Instead of receiving a maximum sentence of 23 years in prison, Michael Fortier, who had failed to warn anyone of the Oklahoma City bombing but later testified against the men convicted in the plot, was sentenced Wednesday to 12 years in prison.
Prosecutors had asked the federal judge for a "meaningful" reduction in Fortier's sentence for his help in assembling the case against his friend Timothy McVeigh, who has been sentenced to die for his role in the 1995 bombing, and Terry Nichols, who was convicted of conspiracy and will be sentenced on June 4."We need co-operators," Joseph Hartzler, the lead prosecutor against McVeigh, told U.S. District Judge G. Thomas Van Bebber. "As a prosecutor, when I sit down with a person, I need the person to understand that there's a reward at the end."

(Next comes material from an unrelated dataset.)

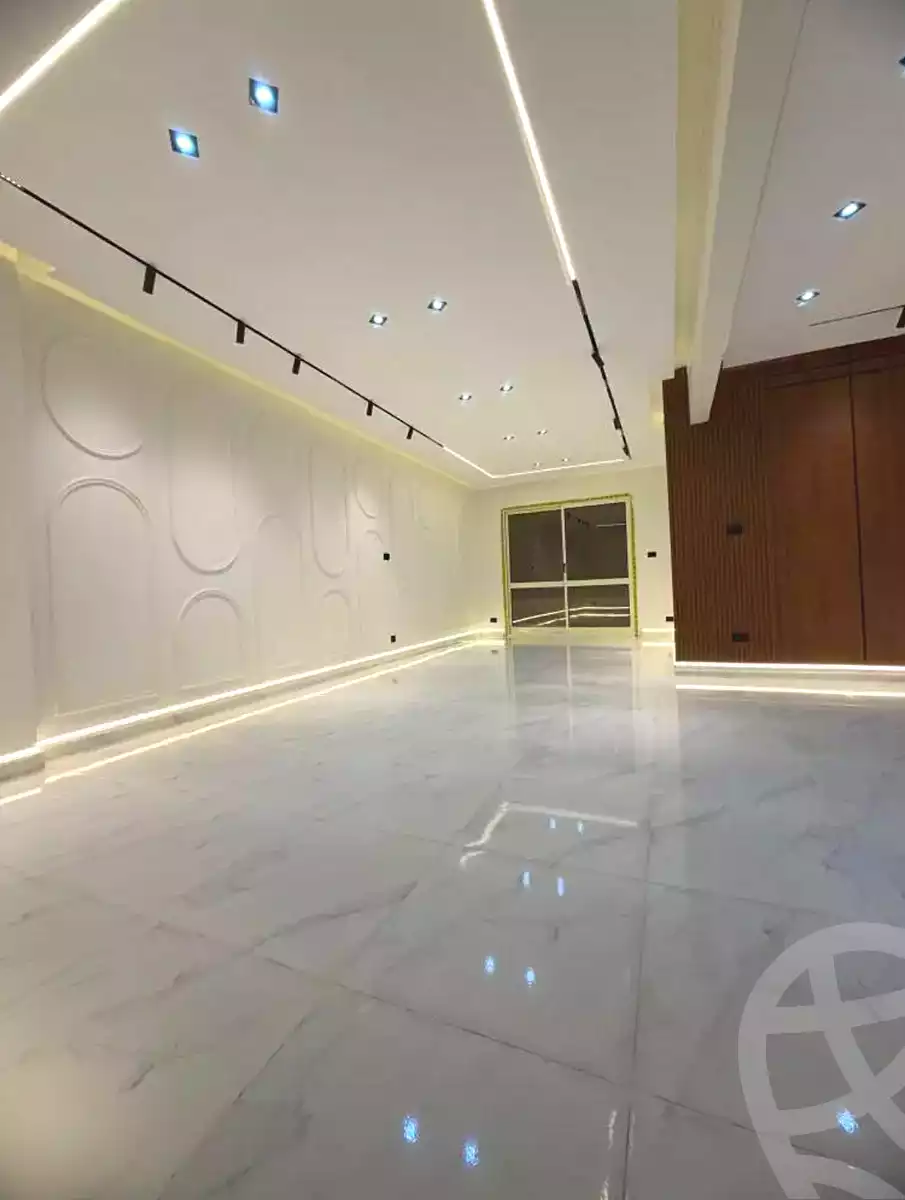 https://aqarmap.com.eg/ar/listing/7262963-for-sale-alexandria-sydy-bshr-shr-mlk-hfny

In the end, that reward was a 12-year sentence on four charges that included transporting firearms stolen from an Arkansas gun collector named Roger Moore and conspiracy to transport the firearms. Prosecutors said money from the sale of these guns helped finance the bombing.
Fortier also pleaded guilty to misprision of a felony, meaning that while he knew of the plot, he did not make it known to the authorities, and that he made false statement to FBI agents in denying any prior knowledge of the plot.
"Michael Fortier did not believe Timothy McVeigh was going to carry out the bombing," Fortier's lawyer, Michael McGuire, told Van Bebber. "For his negligence, he will always be the unforgiven man."
Minutes before he was sentenced, Fortier, who is 29, faced the judge, with his back to the courtroom crowded with bombing victims. Weeping, Fortier read a statement of apology. "You have all suffered for what I have done and what I failed to do," he said.
"I am upset all around," Oneta Johnson said Wednesday after the sentencing. Johnson's mother was one of the 168 people killed in the April 19, 1995, bombing of the Alfred P. Murrah Federal Building. More than 500 other people were injured.
"I personally think my mom was let down and the other bombing victims were let down," Johnson said. "I think it should have been more."